» **WORK REQUEST**:
All of the data below should be printed again word for word, pictures excluded.

» **SOURCE DATA**:
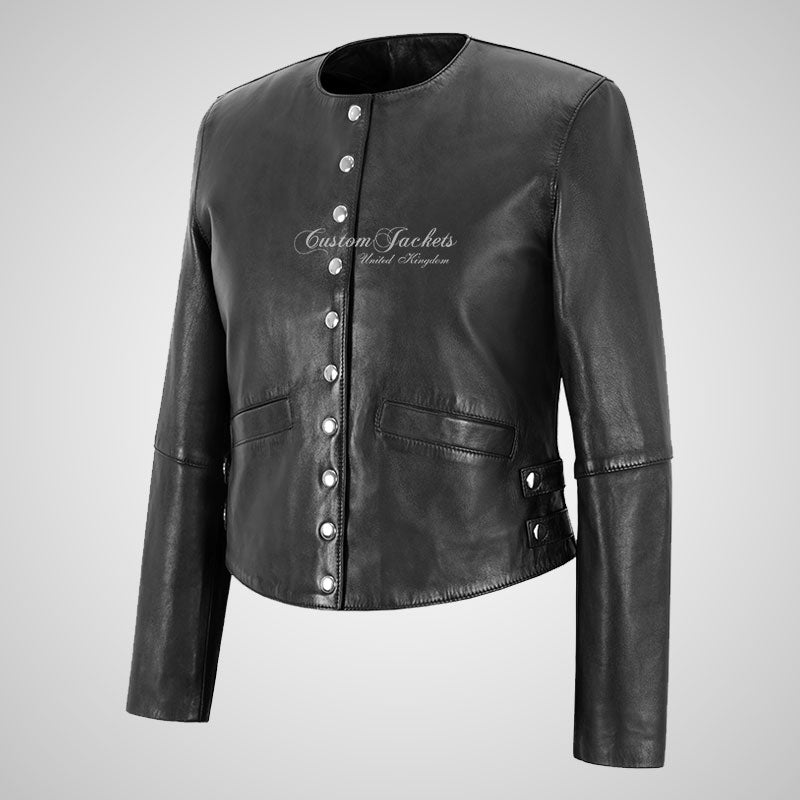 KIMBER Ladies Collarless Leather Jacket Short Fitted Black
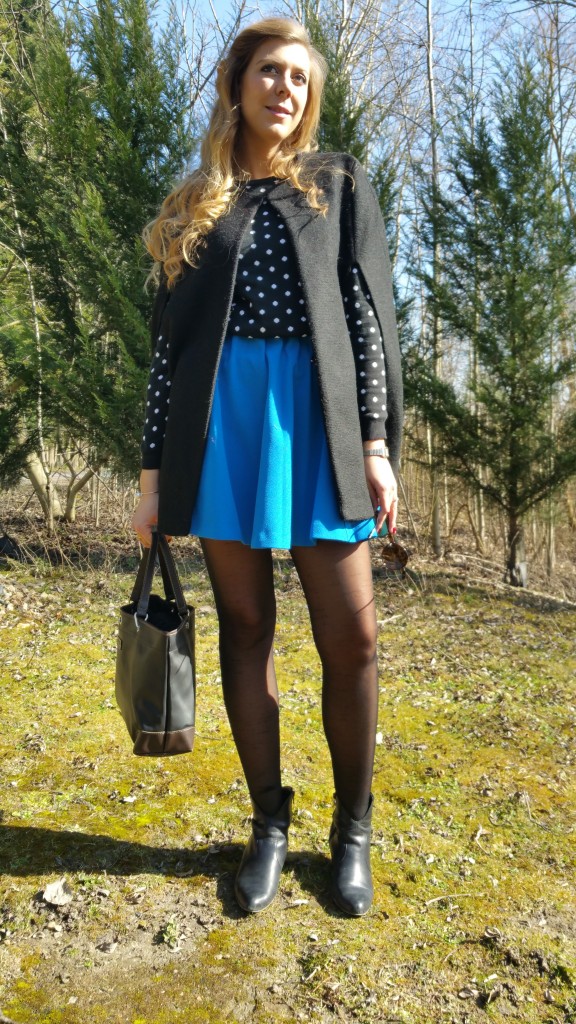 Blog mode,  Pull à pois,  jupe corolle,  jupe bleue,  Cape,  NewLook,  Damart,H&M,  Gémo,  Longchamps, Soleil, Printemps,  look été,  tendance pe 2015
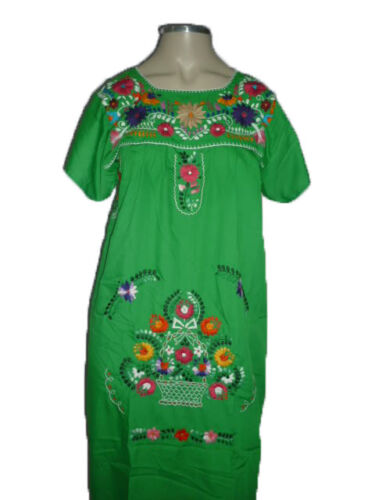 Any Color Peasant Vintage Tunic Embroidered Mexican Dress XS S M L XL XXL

» **WRITTEN SOLUTION**:
 KIMBER Ladies Collarless Leather Jacket Short Fitted Black
 Blog mode,  Pull à pois,  jupe corolle,  jupe bleue,  Cape,  NewLook,  Damart,H&M,  Gémo,  Longchamps, Soleil, Printemps,  look été,  tendance pe 2015
 Any Color Peasant Vintage Tunic Embroidered Mexican Dress XS S M L XL XXL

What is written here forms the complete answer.